Gold mineralization at Hutti took place on the metamorphic retrograde path beginning with initial alteration (and sulfidation) at upper greenschist facies. After a protracted phase of fluid evolution, the mineralization culminated with the formation of auriferous laminated quartz veins at lower greenschist facies. The ore fluid had a ∑S content ~0.1 m, and a decrease in both fO2 (and pH) caused the precipitation of gold in the proximal biotite zone from a hydrothermal solution containing Au(HS2). Fluid inclusions in D2 quartz veins within the proximal zone comprise a unique assemblage of five distinct types of carbonic inclusions containing variable proportions of CO2, CH4, graphite daughter products, and H2O. Precipitation of thin films of graphite in the inner walls of carbonic inclusions is interpreted to be the result of reaction between CO2 and CH4 (CO2 + CH4 = 2C + 2H2O) within those inclusions that were trapped at >400°C and contained sufficient CH4. Entrapment of these carbonic and aqueous inclusions followed phase separation of the initial aqueous-carbonic fluid during a decompression event. Simultaneous entrapment of coeval and cogenetic aqueous and carbonic inclusions in D3 auriferous laminated quartz veins was due to phase separation of fluid of broadly similar composition but at lower temperature. Accordingly, gold precipitation in these veins may have been a result of decrease in ∑S content of the aqueous fluid rather than the wall-rock sulfidation and fO2 decrease, as in the biotite zone. Thus, gold precipitation at Hutti, in the proximal alteration zone and laminated veins occurred over a range of temperatures and by several mechanisms. As in the Hutti deposit, mineralization at Uti occurred on the meta-morphic retrograde path. Mass-balance calculations indicate introduction of SiO2, K2O, S, As, and Zr and depletion of CaO in the mineralized portion.
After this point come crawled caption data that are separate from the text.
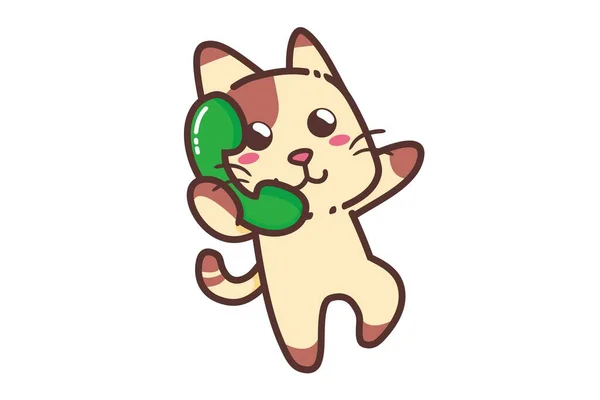 Niedlich Adorable Happy Brown Cat Und Green Telephon Cartoon Doodle — Stockvektor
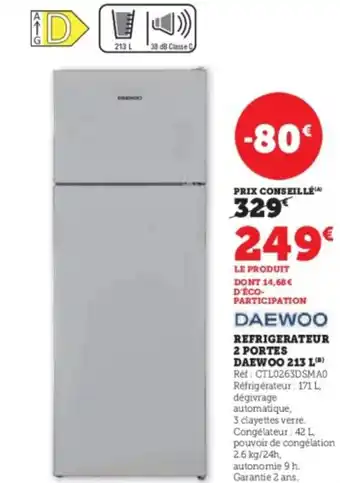DAEWOO Refrigerateur 2 portes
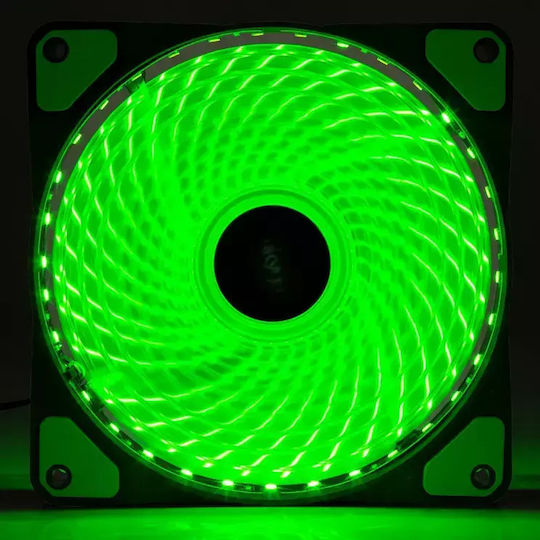 Akyga AW-12E-BG Case Fan 120mm Max Fan Speed 1100rpm with Green LED and Connection 3-Pin / 4-Pin Molex Green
Gold at Hira-Buddini is recovered both from the wall-rock mylonites and from the fault-fill and sigmoidal extension veins. The sigmoidal extension veins contain numerous aqueous as well as carbonic inclusions in close association, showing large density variation within single clusters. Such variation points to pressure cycling or operation of a fault-valve during the formation of these extensional veins. Occurrence of gold within these veins implies that phase separation during sudden pressure drops caused gold precipitation. Thus, a striking characteristic of this belt is the variability in the style of mineralization and fluid evolution among the deposits.